This is evident in Blue in the Warmest Colour in several manifestations, with the girls’ class status reflecting the freedom of sexual choice on Emma’s part, and its immense difficulty on Adele’s. They may both be living in the early 21st century, but where for Emma the bohemian middle-class parents and the artistic milieu she moves in makes her sexual option coherent, for Adele coming from what looks like a lower-middle class conventional family and who then trains to become a primary school teacher, the choice is much more dissonant. It gives to Adele’s life an inconvenience that doesn’t at all appear to be part of Emma’s, and thus her development through the film is much more pronounced than her partner’s. It is also partly why the film focuses on Adele to the detriment of Emma, evident in the French title that it shares with the graphic novel upon which it is based, The Life of Adele, Chapters 1 and 2.
So far so narrative, but Kechiche’s film also shares with much contemporary French cinema the need to get in and out of the scene, to keep the editing not so much sharp as jagged. To differentiate one can think of both Michel Deville’s intriguing Death in a French Garden and Scorsese’s Casino as very distinct examples of sharp editing, and yet both clearly differ from the jagged approach we are invoking. Deville in a few brief match shots shows the central character meeting his father, with the film using match cutting on the sound and the image: a black object cuts to a black object; the sound of a car door closing matches the sound of an apartment door opening. In Casino, Scorsese lays out the intricate details of the casino money system in voice-over and shows us, like a hyper-paced power point presentation, how everything is interconnected. In the former instance it is as if most of the shots have been removed and yet nothing is lost; in the latter it is as though our mind is playing catch me up with the speed at which the information is delivered. These are both examples, though, of sharp editing.
Jagged editing however often cuts harshly into scenes and across temporal assumption. The great French director Maurice Pialat is perhaps its master, but contemporary filmmakers including Arnaud Desplechin, Francois Ozon and the Dardennes adopt it also. Examples from Blue is the Warmest Colour come when early in the film Adele misses the bus, and then in another similar scene not long afterwards she catches it. In the first sequence Kechiche establishes the space as Adele leaves home and starts walking towards the bus, and then cuts, when it is clear she has missed it, to her sitting in class at school. In the second scene the film cuts from Adele going for the bus to her sitting on it. In each example she goes from A to C with the intermediate shots missing. In other words the conventional logic of the scene would have consisted of establishing the shot and then showing whether she had missed the bus and looking exasperated (in the first instance), or catching the bus and showing relief (in the second). However, this intermediate stage is removed because, while it might be both logical and syntactically clear, the eschewal of such moments can give the film both a tighter dramatic form, and give to the character a more enigmatic dimension. We cannot know how Adele feels about missing the bus, and, while of course a very minor incident, that Kechiche chooses to show it at all, and then chooses to elide aspects of this ostensibly insignificant sequence, leads us to ponder over its presence. Of course in the latter scene she is more stylishly dressed than in the first, and the boy at school who fancies Adele gets on shortly afterwards and sits next to her. But this is a brief affair with a beautiful young man that points up all the more Adele’s interest in the fleeting Emma whom she has seen briefly in the town centre. The moments with the young man prove all but narratively irrelevant, and thus they add to our sense that the film isn’t cutting sharply but jaggedly, as if what is important, and what is not, cannot easily be distinguished.

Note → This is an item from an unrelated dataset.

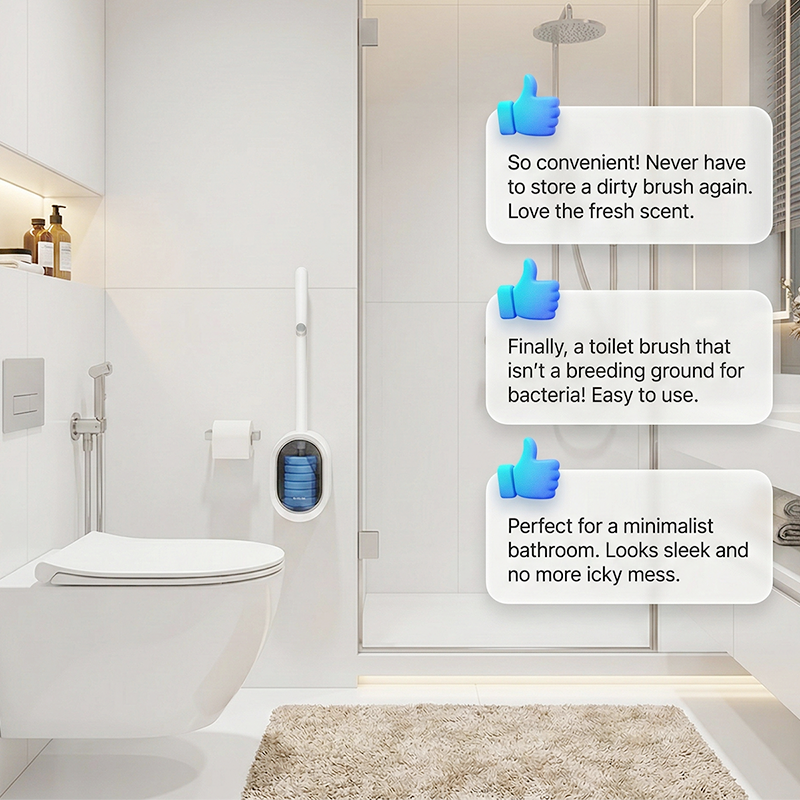 Set contactloze wegwerp-toiletborstels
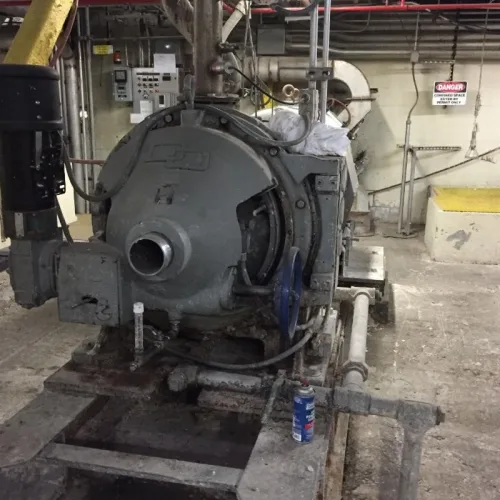 Photo #61 of SAN LEANDRO PAPER MILL, FEATURING: 112" TRIM COMPLETE PAPER BOARD MACHINE W/ (9) J.H. HORNE PRESSURE FORMERS & UPGRADED OCC STOCK PREPARATION SYSTEM (RATED 250 TPD), 2009 WEG HIGH VOLTAGE TRANSFORMER, (10+) NASH VACUUM PUMPS, LARGE SUPPLY OF NEW &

In the examples we have given of sharp editing, the virtuosity is unequivocal; in the jagged less clearly so. What it can give to film form however is a sense of realism quite distinct from earlier notions of the real in cinema. If classical realism out of Andre Bazin pointed up the importance of the long take, Kechiche’s realism doesn’t contradict it but it does expand the assumptions behind it. The take might still be long, but the scene is so harshly cut into that editing doesn’t become invisible but interruptively visible. Shots here at parties and nightclubs will be long takes foreshortened, with characters going off in one direction but where we never know if they reach their destination; hours apparently passing without us knowing how much time exactly. Transitions are no longer smooth, but disorienting or surprising. This is never more pronounced than at the film’s conclusion. Adele leaves Emma’s opening night exhibition, and a man she’s been engaging with goes looking for her, but the film cuts (and concludes) before we can know not only whether a relationship might develop between them, but even whether he catches up with her at all. The film is interested in extended sequences, but not because it wants clarity; more to illustrate the partiality of perspective.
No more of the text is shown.